Die Skandale führten zu einer tiefen Vertrauenskrise zwischen Rathausspitze und dem Gemeinderat: Der Rat reduzierte Thalers Verfügungsmittel und leitete juristische Schritte ein, um mögliche Schäden für die Gemeinde zu prüfen und gegebenenfalls geltend zu machen. Auch der Antrag Thalers, das teure berufsbegleitende Studium durch die Gemeinde zu unterstützen, wurde nach den Vorkommnissen vom Gemeinderat abgelehnt.

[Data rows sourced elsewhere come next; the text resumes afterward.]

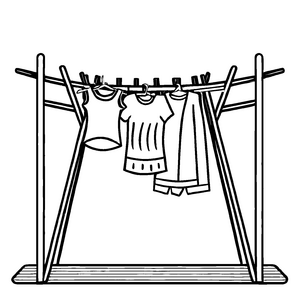 Bezaubernder Wäscheständer mit bunten Shirts Ausmalbild für kleine Farbenzauberer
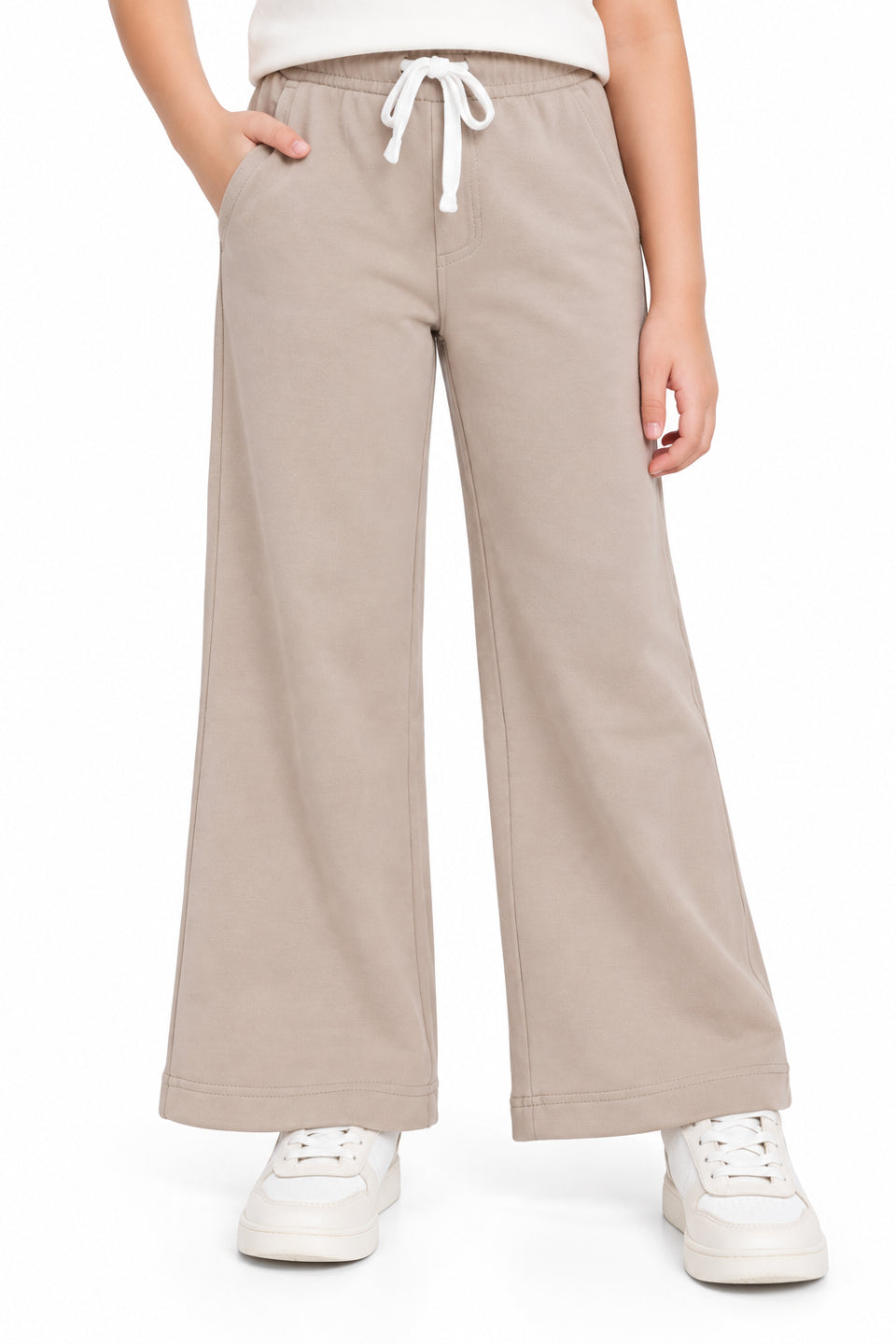 CHILINS Girls Beige Wide Leg Palazzo Pants | Elasticated Drawstring Waist | Side Pockets | Full Length | Regular Fit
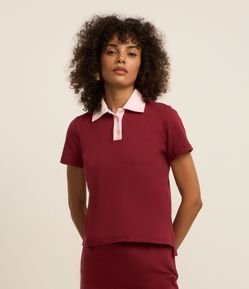 Blusa Sportcore em Algodão com Gola Polo Contrastante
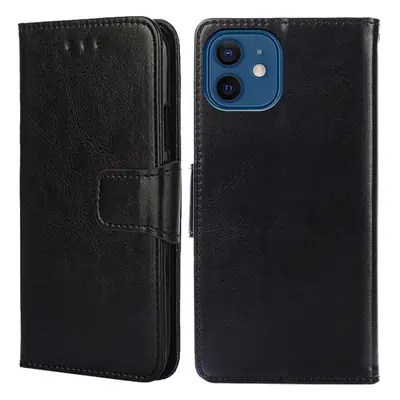 Black Leather iPhone 17 Pro Phone Case with Crystal Pattern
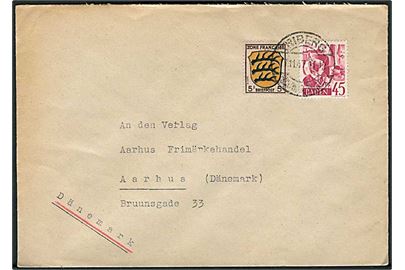 Fransk Zone - Baden. 45 pfg. Baden udg. og 5 pfg. Fælles udg. på brev fra Triberg d. 17.11.1947 til Aarhus, Danmark.
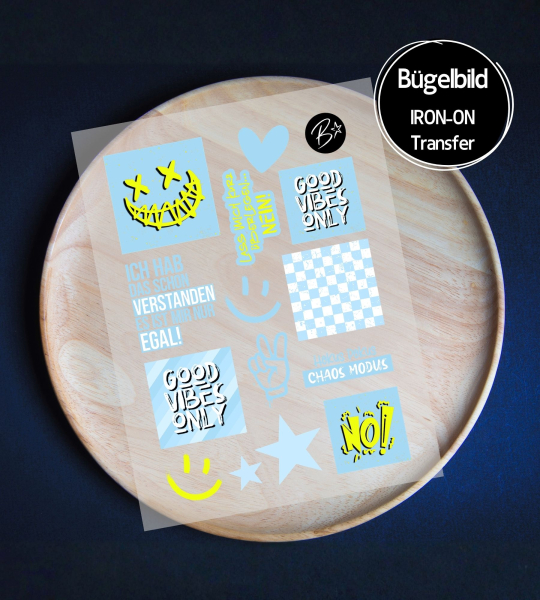 Bügelbild Bogen A6 - Set LABELS " Cool Stuff #hellblau/gelb "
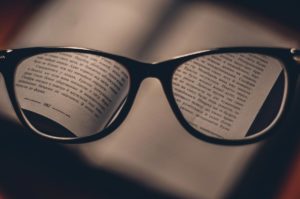 Eye Glass with Book Letters View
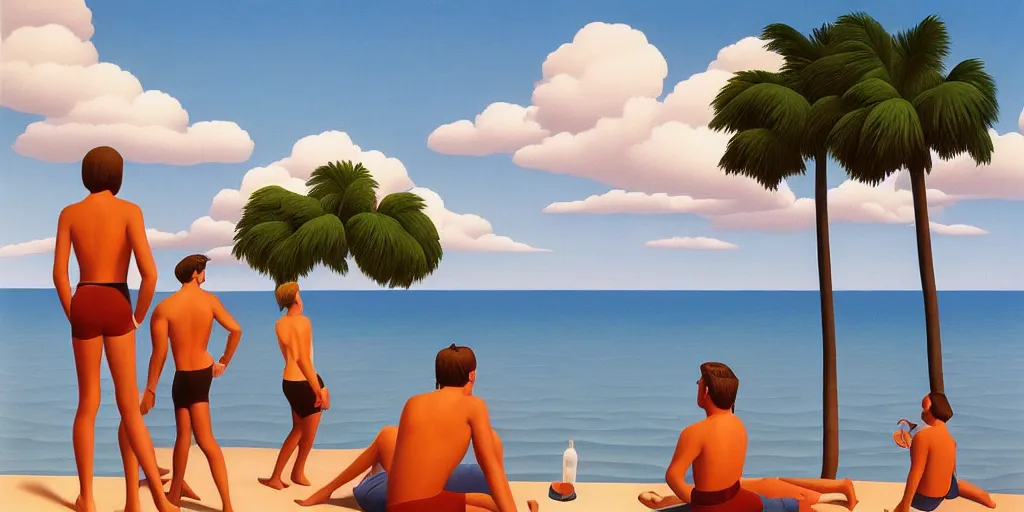 Image similar to beach boys, blue sky, summer evening, kenton nelson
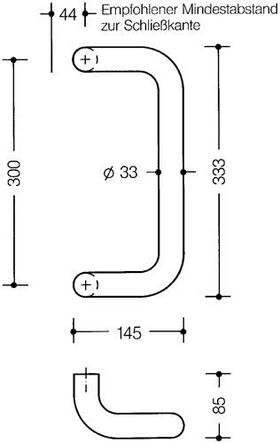 Stoßgriff 550.33BGKLT PA Farb-Nr.98m A.300mm L.333mm B.145mm HEWI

Skandale und Verurteilung von Sebastian Thaler
Untreue: Thaler ließ Gerichts- und Anwaltskosten im Zusammenhang mit einem privaten Vorfall (SUV-Schaden 2018 am Echinger See – Schaden: 5000 €) in Höhe von rund 72.400 € aus der Gemeindekasse zahlen. Dafür wurde er per Strafbefehl wegen Untreue verurteilt. Die Mehrheit der Gemeinderäte (Bunte Fraktion) stimmten zweimal der Kostenübernahme zu, was zu großen Diskussionen und Unruhe im Rat führte. Im Verlauf der affärenreichen Jahre erklärten Gerichte mehrfach, dass die Kostenübernahmen Thalers nicht zu Recht über die Gemeinde gelaufen sei. Thaler akzeptierte schließlich einen Strafbefehl wegen Untreue, wodurch er rechtskräftig verurteilt und vorbestraft wurde. Währenddessen liefen weitere Disziplinar- und Prüfverfahren u. a. durch die Landesanwaltschaft und Rechtsaufsicht.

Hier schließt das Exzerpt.